I’m sure most parents have experienced this at one time or another. I’m also sure that when it comes to reading the same book for the 100th time, it starts to become a bit of a drag. However, I’d bet that most parents would still go ahead and read that book with their child, for the 100th time, because they know that reading is good for children. And they’re right, because reading is good for children! Think of it as a Domino effect; Children whose parents read with them regularly in the early years tend to develop a larger vocabulary. These children then enter school with better language skills, and so they perform better at school, and go on to enjoy better success in adulthood.

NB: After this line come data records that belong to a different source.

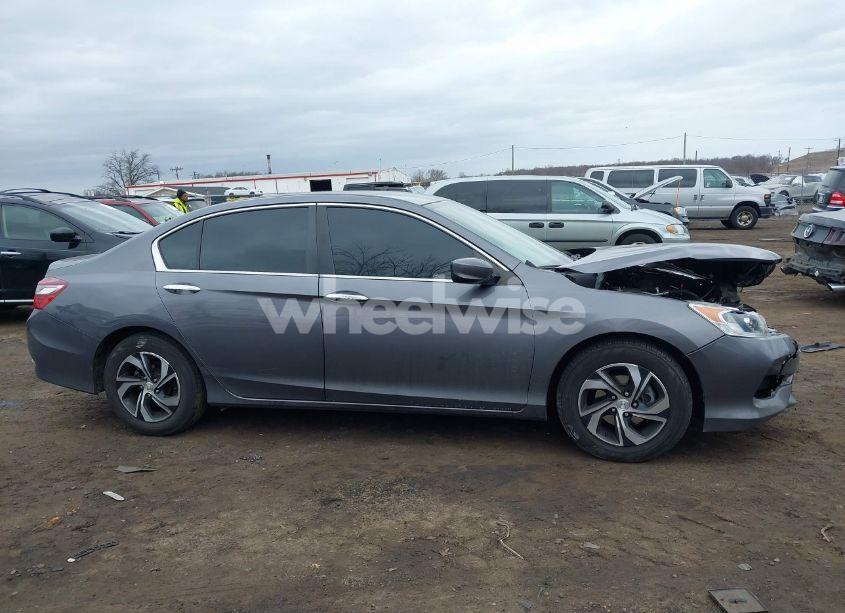 Photo 13 of 2017 Honda Accord LX (VIN 1HGCR2F31HA268885)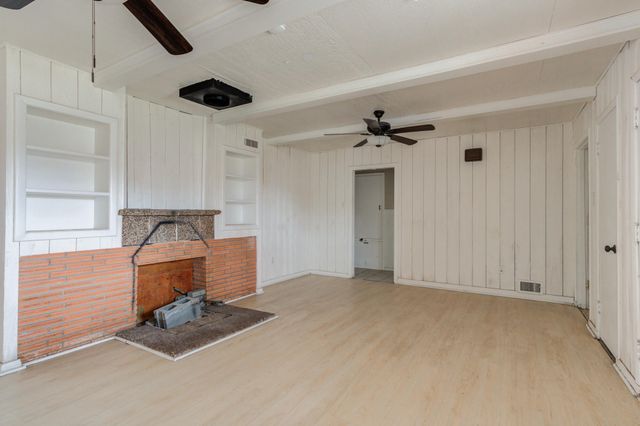 2213 33rd Street, Lubbock, TX 79411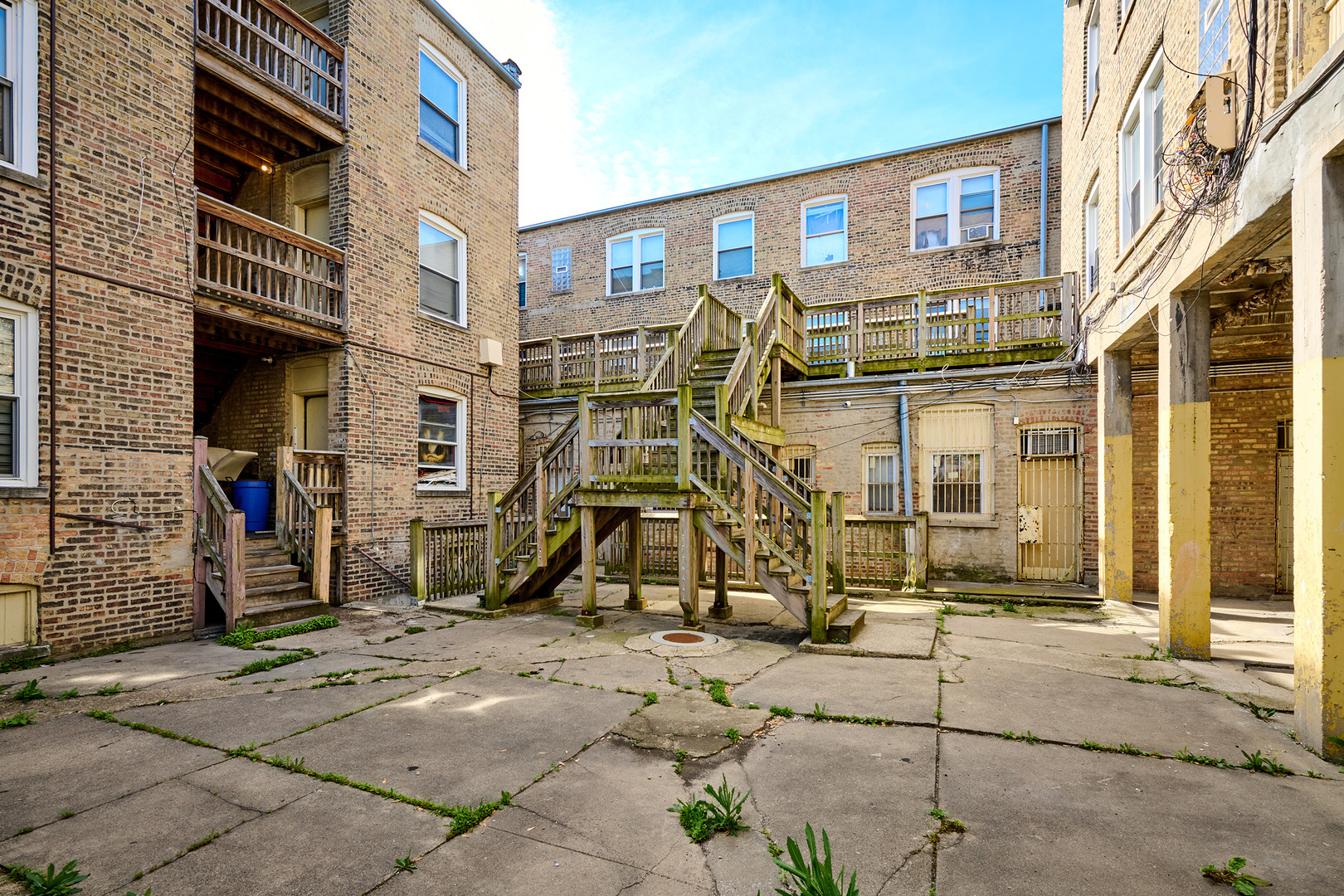 5636-48 W Division Street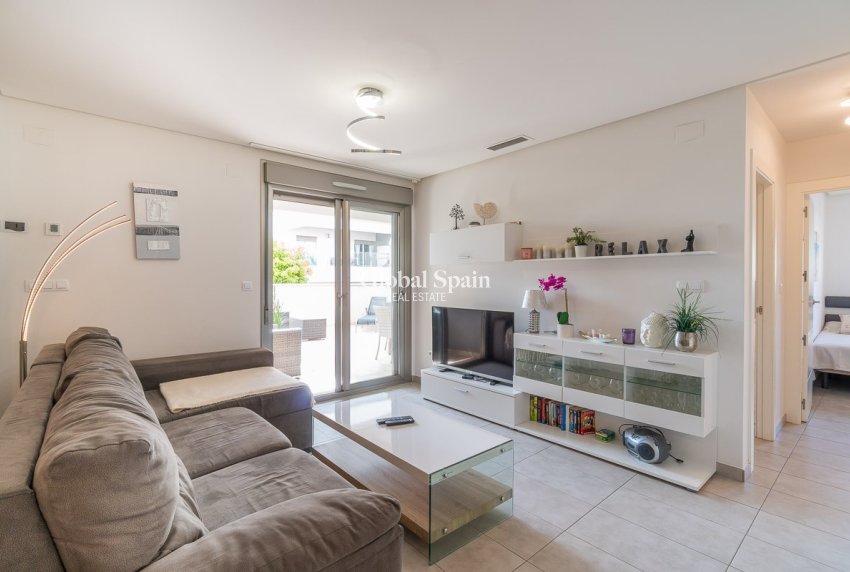 Wederverkoop - APPARTEMENT -
ORIHUELA COSTA - Costa Blanca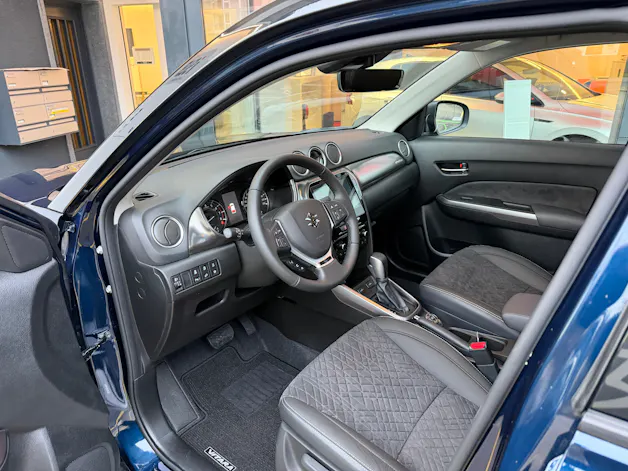 Suzuki Vitara 1.4 T Sakura Top Hybrid 4x4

But what if you’re a parent who can’t read very well or aren’t confident in your own reading ability? What if you had a bad experience reading at school? If you’re a parent who is nervous about your own reading ability, the chances are you’re going to be even more worried when it comes to reading with your own child.
Reading with children on a daily basis is likely to become a bit of a chore even for the most confident or knowledgeable parent. Even with the best intentions in mind, reading with children is something that tends to get pushed to the bottom of the family life to-do list. That’s why The Reader’s Shared Reading programme, came to our attention.
The Reader’s Shared Reading programme places emphasis on the enjoyment of reading. It has been successful in promoting reading among groups who do not normally read. We were interested in how parents and children from lower socioeconomic backgrounds would respond to The Reader’s Shared Reading programme. Could we encourage parents to enjoy reading with their children? In doing so, would this lead to increases in their child’s vocabulary?
Across two different school terms, 3 to 4 year old children and their parents were asked to go along to a weekly reading group, once a week, for 8 weeks. Families were either asked to go to The Reader’s Shared Reading programme or they were asked to attend an existing reading group at their local library.
The Reader’s Shared Reading programme did not significantly improve children’s vocabulary. However, the reading groups were only for 8 weeks which may not have been long enough and/or intensive enough to show any positive changes in children’s vocabulary. Nonetheless, families were more likely to go along to The Reader’s Shared Reading groups than the library groups. Also, The Reader’s Shared Reading groups were rated more favourably than the library groups. These findings suggest that the Reader’s Shared Reading programme is successful in engaging families from lower socioeconomic backgrounds to attend weekly reading groups. Parents who took part in The Reader’s Shared Reading groups also showed some increases in the number of hours they themselves spent reading and also how often they read with their children.